Records from a collection:
++++++++
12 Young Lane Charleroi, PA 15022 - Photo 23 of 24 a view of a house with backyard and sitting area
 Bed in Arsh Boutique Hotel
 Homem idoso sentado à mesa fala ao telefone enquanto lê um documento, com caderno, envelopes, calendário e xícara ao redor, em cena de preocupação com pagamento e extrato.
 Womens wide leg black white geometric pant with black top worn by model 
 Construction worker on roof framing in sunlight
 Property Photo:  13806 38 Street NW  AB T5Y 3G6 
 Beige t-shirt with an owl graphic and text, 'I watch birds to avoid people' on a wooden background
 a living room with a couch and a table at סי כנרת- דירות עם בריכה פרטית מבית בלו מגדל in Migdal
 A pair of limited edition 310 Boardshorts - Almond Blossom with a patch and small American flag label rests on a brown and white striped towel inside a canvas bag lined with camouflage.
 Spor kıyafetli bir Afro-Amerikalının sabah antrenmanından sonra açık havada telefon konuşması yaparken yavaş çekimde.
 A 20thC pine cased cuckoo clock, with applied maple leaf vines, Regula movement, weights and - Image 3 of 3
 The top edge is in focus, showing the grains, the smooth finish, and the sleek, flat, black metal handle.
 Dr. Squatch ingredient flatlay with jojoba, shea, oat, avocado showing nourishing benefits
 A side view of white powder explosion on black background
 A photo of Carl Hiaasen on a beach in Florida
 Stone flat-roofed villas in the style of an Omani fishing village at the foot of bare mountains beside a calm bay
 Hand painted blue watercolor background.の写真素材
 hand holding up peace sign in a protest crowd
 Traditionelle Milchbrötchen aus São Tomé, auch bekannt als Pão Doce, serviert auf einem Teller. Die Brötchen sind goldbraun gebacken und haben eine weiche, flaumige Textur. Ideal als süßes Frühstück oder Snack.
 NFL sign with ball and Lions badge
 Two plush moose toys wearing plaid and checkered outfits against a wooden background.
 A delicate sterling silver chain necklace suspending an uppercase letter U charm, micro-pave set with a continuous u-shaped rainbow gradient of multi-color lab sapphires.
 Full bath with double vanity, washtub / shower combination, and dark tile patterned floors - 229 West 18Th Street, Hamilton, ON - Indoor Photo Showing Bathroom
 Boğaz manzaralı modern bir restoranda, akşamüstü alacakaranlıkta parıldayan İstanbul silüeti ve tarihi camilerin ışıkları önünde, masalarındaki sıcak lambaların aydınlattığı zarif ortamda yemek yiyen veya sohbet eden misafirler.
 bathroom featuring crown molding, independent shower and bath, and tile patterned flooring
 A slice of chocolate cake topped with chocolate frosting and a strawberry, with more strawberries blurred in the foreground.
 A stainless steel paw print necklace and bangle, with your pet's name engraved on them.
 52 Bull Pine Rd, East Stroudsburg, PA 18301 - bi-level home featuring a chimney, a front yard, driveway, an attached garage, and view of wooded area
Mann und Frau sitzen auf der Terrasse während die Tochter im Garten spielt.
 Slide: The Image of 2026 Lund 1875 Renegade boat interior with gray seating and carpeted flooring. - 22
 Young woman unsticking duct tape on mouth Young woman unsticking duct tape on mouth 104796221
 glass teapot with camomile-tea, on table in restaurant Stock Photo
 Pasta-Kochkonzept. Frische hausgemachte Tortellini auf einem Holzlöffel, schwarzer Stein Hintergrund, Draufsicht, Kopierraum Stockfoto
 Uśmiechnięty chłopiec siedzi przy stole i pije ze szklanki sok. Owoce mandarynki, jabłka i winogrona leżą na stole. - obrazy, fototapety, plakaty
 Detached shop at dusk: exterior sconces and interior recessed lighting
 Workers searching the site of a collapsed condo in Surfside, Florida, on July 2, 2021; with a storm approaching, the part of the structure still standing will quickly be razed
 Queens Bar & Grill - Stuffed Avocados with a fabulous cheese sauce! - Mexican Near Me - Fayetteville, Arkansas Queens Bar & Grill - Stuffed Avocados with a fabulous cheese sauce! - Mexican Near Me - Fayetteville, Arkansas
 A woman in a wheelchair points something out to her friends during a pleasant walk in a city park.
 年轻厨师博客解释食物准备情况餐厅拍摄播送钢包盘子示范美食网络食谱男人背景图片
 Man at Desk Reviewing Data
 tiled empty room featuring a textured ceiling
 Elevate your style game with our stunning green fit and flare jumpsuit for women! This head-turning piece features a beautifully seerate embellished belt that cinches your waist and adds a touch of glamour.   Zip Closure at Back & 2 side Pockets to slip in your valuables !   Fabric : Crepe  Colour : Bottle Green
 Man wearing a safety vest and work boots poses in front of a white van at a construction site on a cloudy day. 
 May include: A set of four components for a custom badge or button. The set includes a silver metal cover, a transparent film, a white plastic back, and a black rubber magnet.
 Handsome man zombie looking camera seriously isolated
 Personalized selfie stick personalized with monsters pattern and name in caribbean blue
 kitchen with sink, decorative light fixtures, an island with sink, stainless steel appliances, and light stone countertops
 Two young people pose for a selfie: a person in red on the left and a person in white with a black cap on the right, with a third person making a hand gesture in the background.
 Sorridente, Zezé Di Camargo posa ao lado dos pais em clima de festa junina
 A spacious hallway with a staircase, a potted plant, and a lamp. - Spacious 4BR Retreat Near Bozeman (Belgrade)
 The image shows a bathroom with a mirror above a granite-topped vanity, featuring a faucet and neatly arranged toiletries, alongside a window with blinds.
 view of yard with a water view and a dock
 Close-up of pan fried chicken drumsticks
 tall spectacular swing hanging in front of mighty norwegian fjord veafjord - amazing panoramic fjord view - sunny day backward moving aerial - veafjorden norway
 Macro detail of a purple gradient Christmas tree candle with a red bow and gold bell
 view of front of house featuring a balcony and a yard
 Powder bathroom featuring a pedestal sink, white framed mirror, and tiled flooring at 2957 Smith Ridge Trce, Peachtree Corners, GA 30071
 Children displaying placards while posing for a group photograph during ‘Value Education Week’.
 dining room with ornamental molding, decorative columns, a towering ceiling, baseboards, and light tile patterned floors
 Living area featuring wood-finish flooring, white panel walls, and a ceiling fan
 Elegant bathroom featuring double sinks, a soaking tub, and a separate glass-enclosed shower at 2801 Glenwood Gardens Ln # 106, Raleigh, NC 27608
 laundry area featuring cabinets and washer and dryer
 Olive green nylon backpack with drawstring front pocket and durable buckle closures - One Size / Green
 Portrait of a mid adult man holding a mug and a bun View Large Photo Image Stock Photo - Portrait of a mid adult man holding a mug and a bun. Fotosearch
++++++++
## Instructions to follow
How many lines of the entries above hold the string "double"? Reply with the number alone.

## Answer for this exercise
2